IBM 5880
- Developer: Ray Bonner
- Manufacturer: IBM
- Type: Electrocardiograph

= IBM 5880 =

The IBM 5880, also known as the IBM 5880 ECG Acquisition and Analysis System, is one of the worlds first portable computerized electrocardiograph and diagnostic tools. Its development came from work performed by IBM scientist Ray Bonner in the 1970s.

== History ==
Starting in 1968 IBM began performing electrocardiograms (also called EKGs) on its employees (by 1980 had collected the results of more than 160,000 tests). These were initially stored on tape for computer analysis and in 1974 IBM began analyzing them with software developed by an IBM research Scientist named Raymond Bonner called the "Bonner 12-lead program version 1" (also referred to as the Bonner/IBM software), using an IBM S/370. At that time the vast majority of ECGs were not computer analyzed. As an example, only an estimated 4 million out of roughly 80 million ECGs performed in the USA in 1976 were sent for computer analysis.

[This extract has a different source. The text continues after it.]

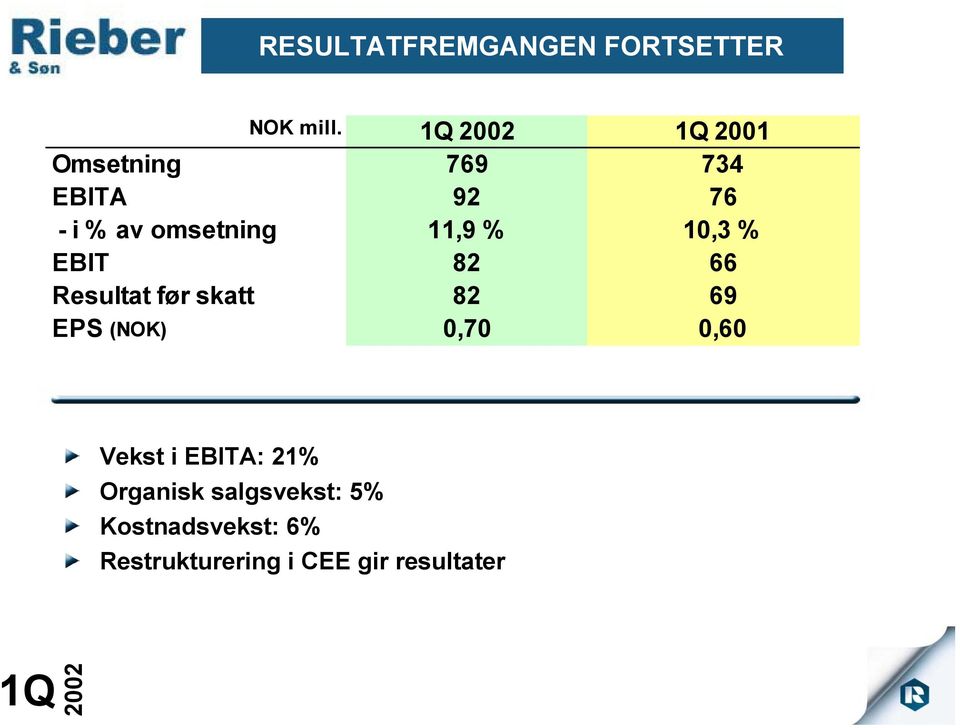 % EBIT 82 66 Resultat før skatt 82 69 EPS (NOK) 0,70 0,60 Vekst i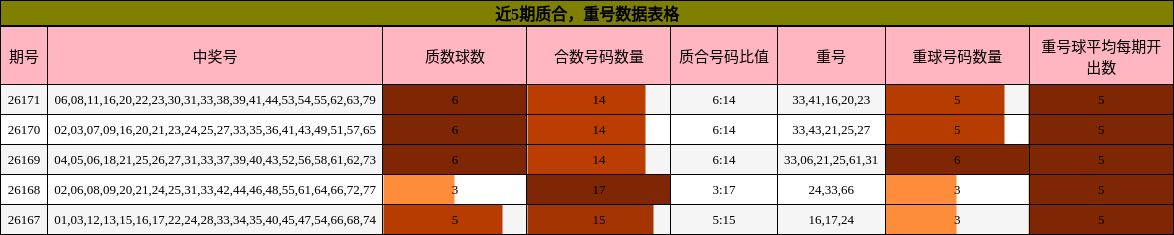 质合分析，重号分析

The program was first released in 1972, written in a mix of PL/1 and S/370 assembler, but was lated converted to Fortran by IBM so it could be run on non-IBM systems. This meant that by 1977, 75% of all ECGs analysed by the software were performed using the Marquette processing system, rather than on an IBM Mainframe. The Bonner/IBM program was widely used at this time and was highly rated by cardiologists.

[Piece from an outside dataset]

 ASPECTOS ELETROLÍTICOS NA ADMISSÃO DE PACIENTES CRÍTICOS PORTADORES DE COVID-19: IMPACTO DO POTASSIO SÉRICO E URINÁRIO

Early computer solutions developed in the 1970s used products like the DEC PDP8 and later the PDP11 to perform analysis in the hospital, but to make this more practical, a self contained and portable device was needed and with the development of microprocessors this became possible. The IBM 5880 was designed to analyze electrocardiograms, measurements of the electrical activity of the heart, and provide diagnostic advice to the same standards as a cardiologist. It was one of the first EKGs that could be placed in a cart and taken into hospital conditions.

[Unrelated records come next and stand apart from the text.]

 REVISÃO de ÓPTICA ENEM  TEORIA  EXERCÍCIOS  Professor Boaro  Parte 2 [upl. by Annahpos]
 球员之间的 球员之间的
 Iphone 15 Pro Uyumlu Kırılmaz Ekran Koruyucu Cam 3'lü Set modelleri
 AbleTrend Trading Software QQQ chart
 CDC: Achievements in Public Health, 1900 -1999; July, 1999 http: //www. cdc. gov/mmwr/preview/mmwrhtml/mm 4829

An IBM ad in the American Journal of Cardiologists from December 1978 describes it as the "New IBM 5880 ECG Acquisition and Analysis System", under the headline "Announcing bedside computer-assisted | ECG interpretation within minutes", suggesting it was released in 1978.

== Product Details ==
The IBM 5880 has the following features:

- Uses a standard power socket
- The analysis takes around 80 seconds, but could take up to 3 minutes based on the arrhythmia that is detected
- Prints a 3-channel ECG trace with detailed interpretation
- Uses an advanced IBM Analysis Program designed by Raymond E. Bonner PhD, developed with practising cardiologists
- Stores ECGs electronically on magnetic diskette
- Has a keyboard to enter patient data which can be printed on the same report as the trace and analysis
- Can automatically apply paediatric interpretation criteria if the patient's age is 18 or younger
Pricing in 1978 was as follows:

- The 5880 base cart list price listed at $19,800 USD with an extra diskette drive costing $2,500.
- The IBM ECG Analysis Program (5890-PP1) cost $350 per month and was supported by IBM Biomedical Systems in Dayton NJ.

== Sale of IBM Biomedical Systems ==
While based on published commercials, IBM were still selling the 5880 in 1982, when IBM Biomedical Systems and all of its assets was sold to Cobe Laboratories in 1984, only the IBM Blood Products (IBM 2991 and IBM 2997) are mentioned in available sources.